Except for the pictures, reproduce the records word for word.

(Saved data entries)

== == ==

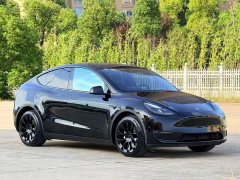 Tesla Model Y Standard Range RWD - фото 2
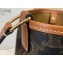 Celine Triomphe Canvas Medium Bucket Bag Brown 2020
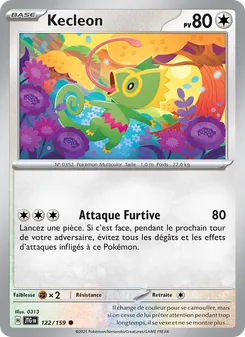 Carte Pokémon Kecleon 122 — Aventures Ensemble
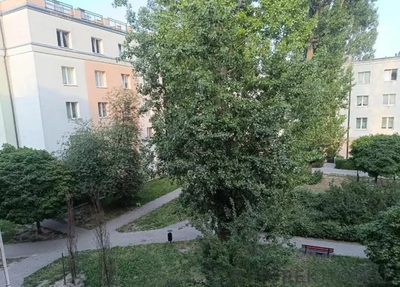 1-pokojowe mieszkanie na Ursusie - 3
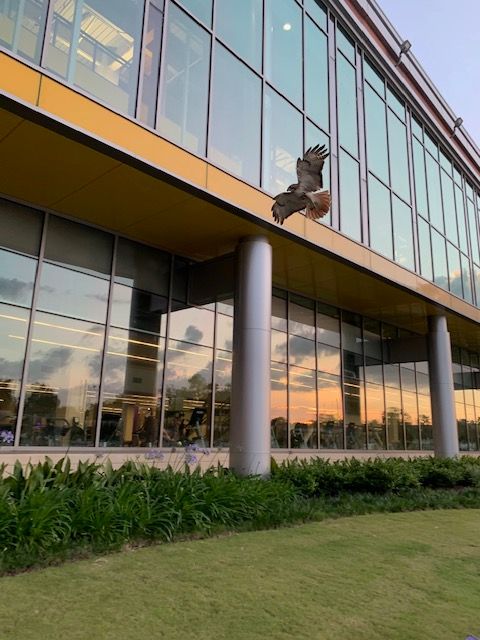 LSUUREC's tweet photo. This is the good luck hawk. He visited UREC yesterday. Retweet for good luck on your finals. 
📸 Michelle Loup https://t.co/RztBLJmM2B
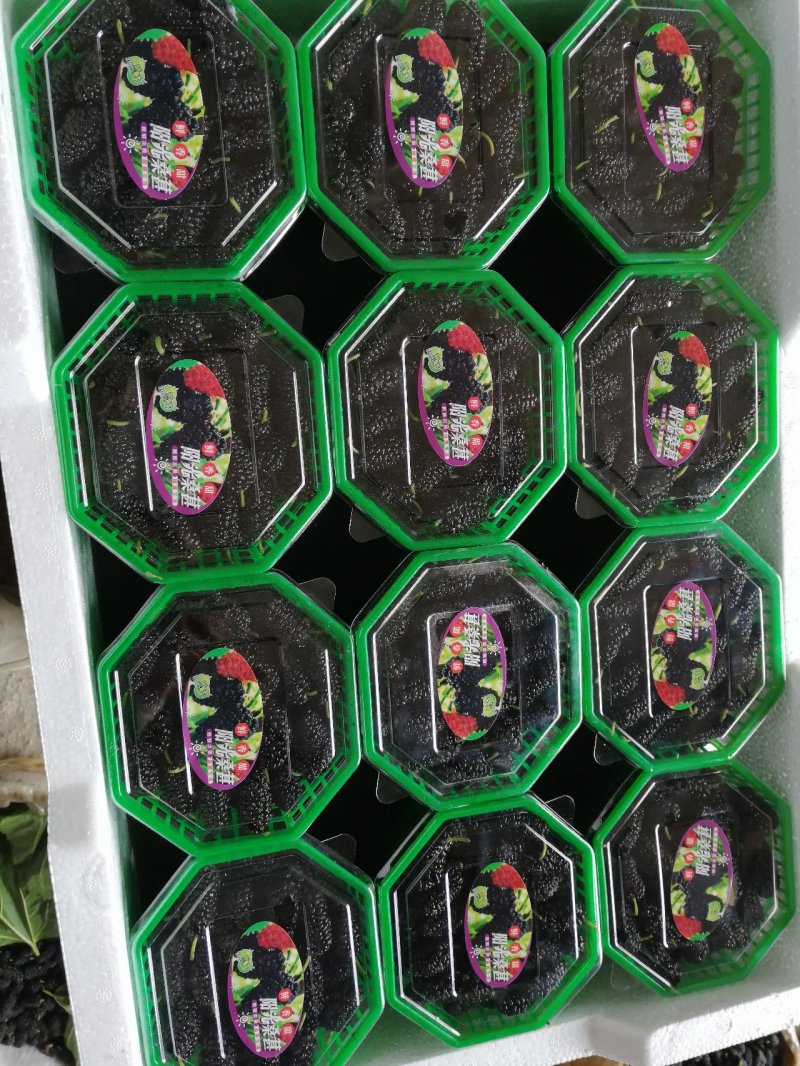大量桑果上市可以做榨汁酿酒果脯干果量大价格便宜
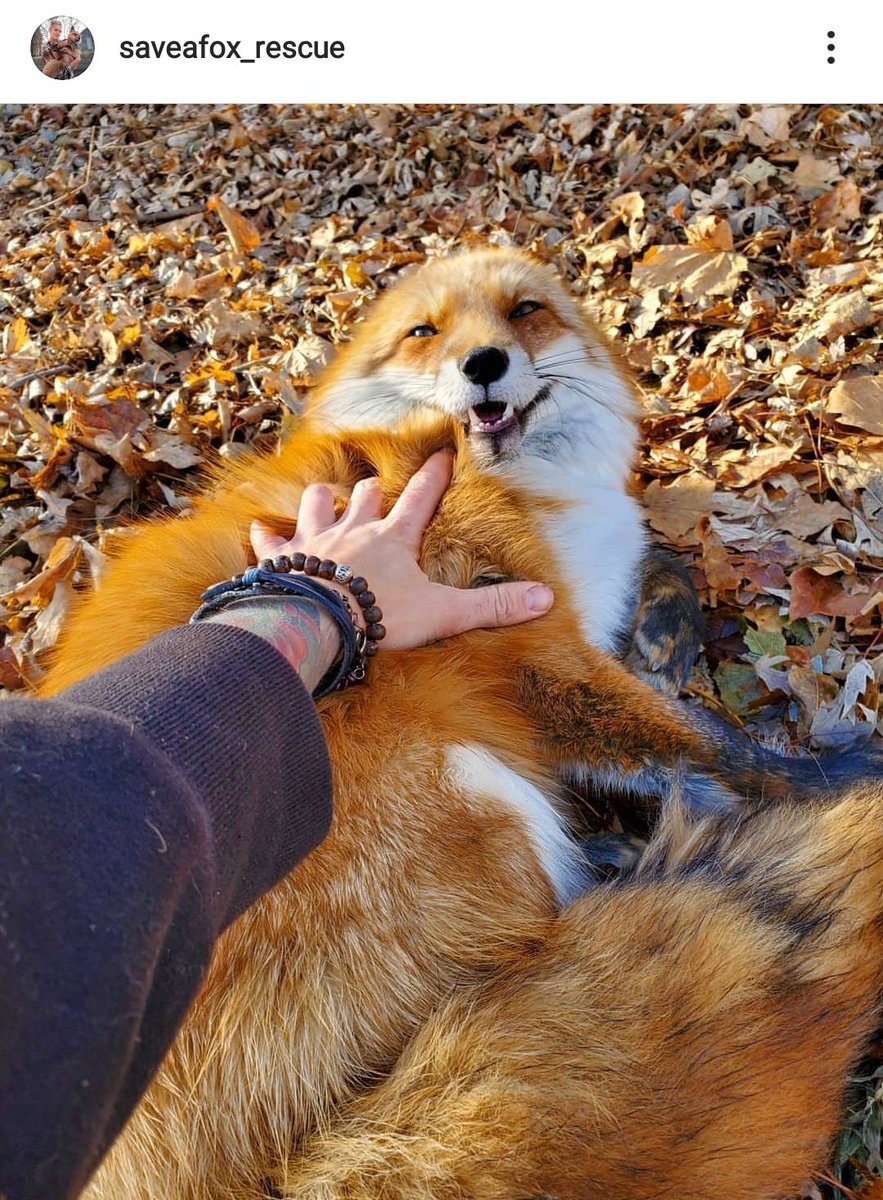 Because someone said I should keep this account happy & pure, let me add this to this thread  Mikayla rescues foxes that had been sold as pets and were later abandoned, or she rescues them from fur factories. Check out her IG  http://instagram.com/saveafox_rescue    #cuteness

== == ==

## [Answer to the exercise]
 Tesla Model Y Standard Range RWD - фото 2
 Celine Triomphe Canvas Medium Bucket Bag Brown 2020
 Carte Pokémon Kecleon 122 — Aventures Ensemble
 1-pokojowe mieszkanie na Ursusie - 3
 LSUUREC's tweet photo. This is the good luck hawk. He visited UREC yesterday. Retweet for good luck on your finals. 
📸 Michelle Loup https://t.co/RztBLJmM2B
大量桑果上市可以做榨汁酿酒果脯干果量大价格便宜
 Because someone said I should keep this account happy & pure, let me add this to this thread  Mikayla rescues foxes that had been sold as pets and were later abandoned, or she rescues them from fur factories. Check out her IG  http://instagram.com/saveafox_rescue    #cuteness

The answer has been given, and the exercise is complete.